Input material:
------------------------------------------------------------

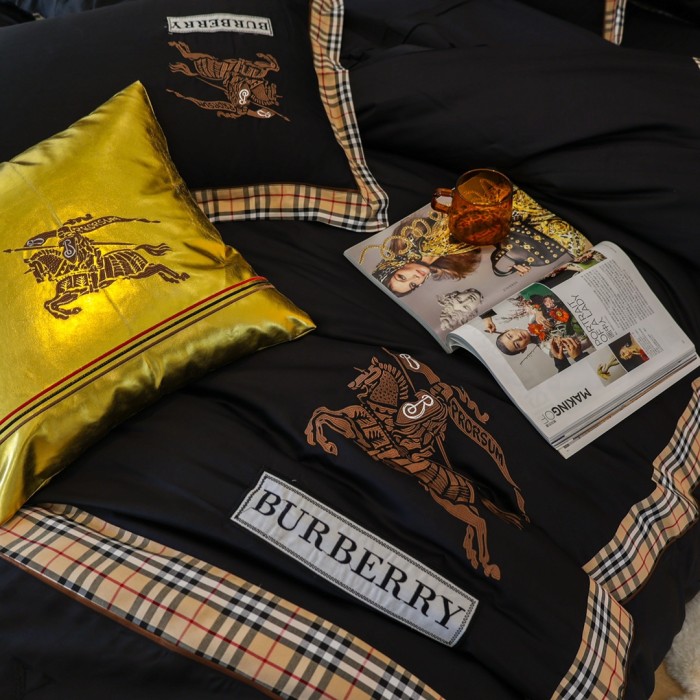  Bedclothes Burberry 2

------------------------------------------------------------

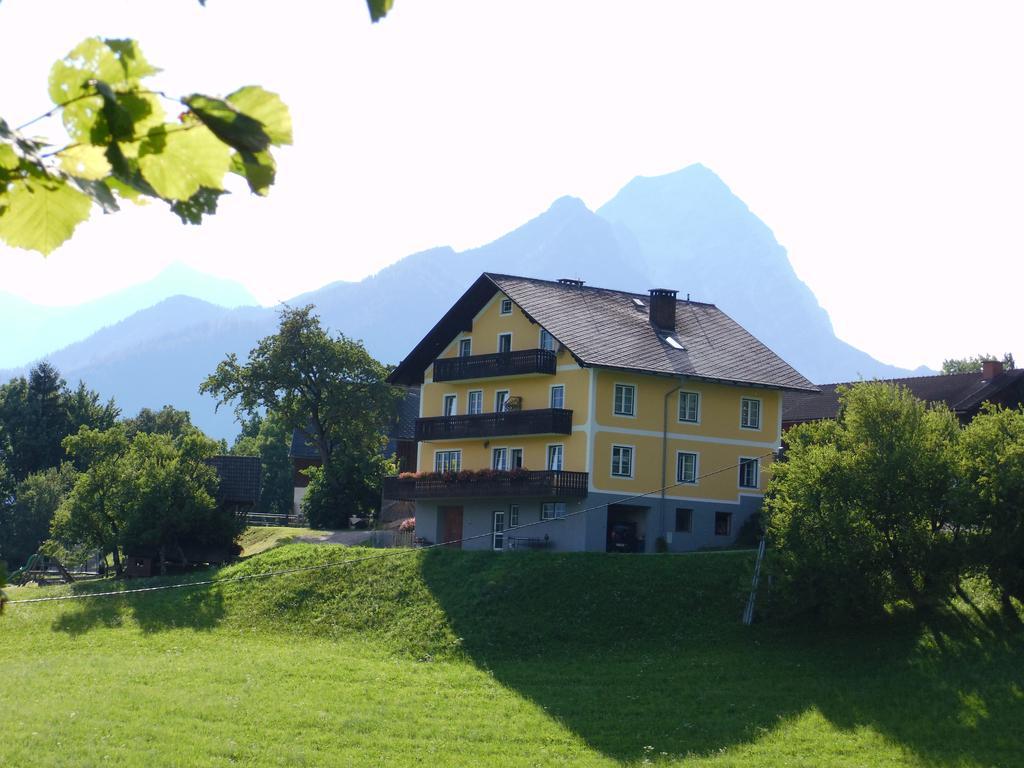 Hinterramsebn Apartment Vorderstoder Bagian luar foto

------------------------------------------------------------

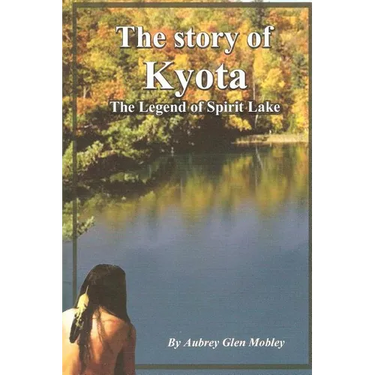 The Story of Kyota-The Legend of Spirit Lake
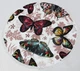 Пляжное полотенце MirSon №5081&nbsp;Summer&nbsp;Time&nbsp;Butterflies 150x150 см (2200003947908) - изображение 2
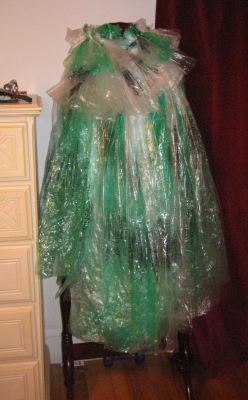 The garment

------------------------------------------------------------

Work order: Within these entries, output exactly the lines starting at the one with "The Story of Kyota-The Legend of Spirit Lake" and finishing at the one with "The garment". Leave pictures out of the output.

Written solution:
 The Story of Kyota-The Legend of Spirit Lake
 Пляжное полотенце MirSon №5081&nbsp;Summer&nbsp;Time&nbsp;Butterflies 150x150 см (2200003947908) - изображение 2
 The garment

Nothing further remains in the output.